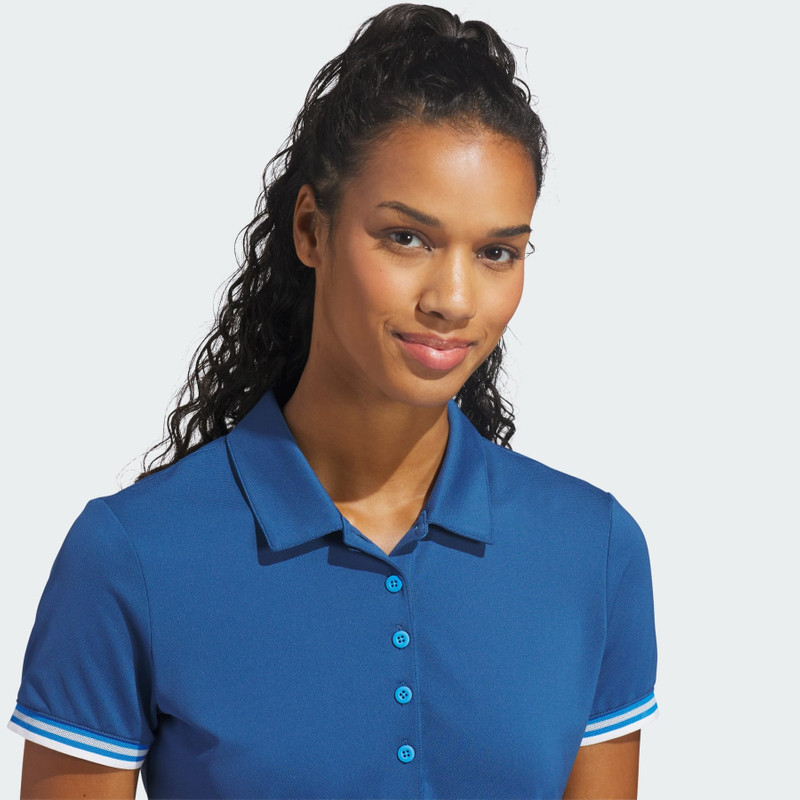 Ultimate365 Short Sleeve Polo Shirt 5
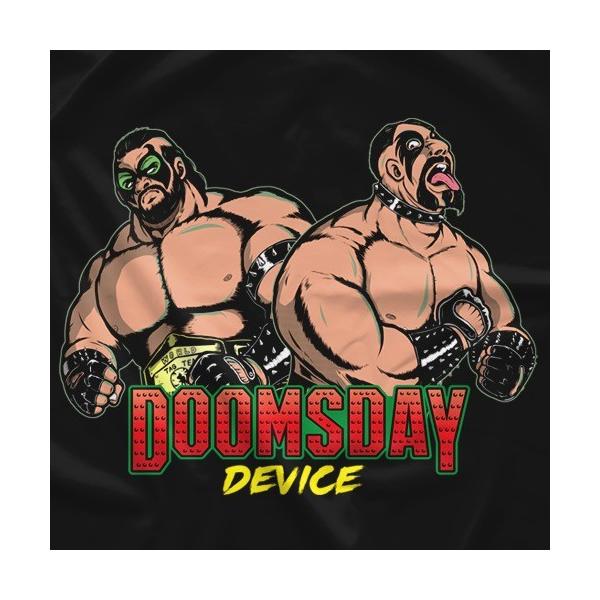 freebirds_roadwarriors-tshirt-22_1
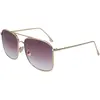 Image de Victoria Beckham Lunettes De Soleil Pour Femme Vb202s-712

- **Your assignment**
Print, please, exactly the lines from the one holding "freebirds_roadwarriors-tshirt-22_1" through the final line of the data, both included, while leaving out each picture.

- **Worked solution**
 freebirds_roadwarriors-tshirt-22_1
 Image de Victoria Beckham Lunettes De Soleil Pour Femme Vb202s-712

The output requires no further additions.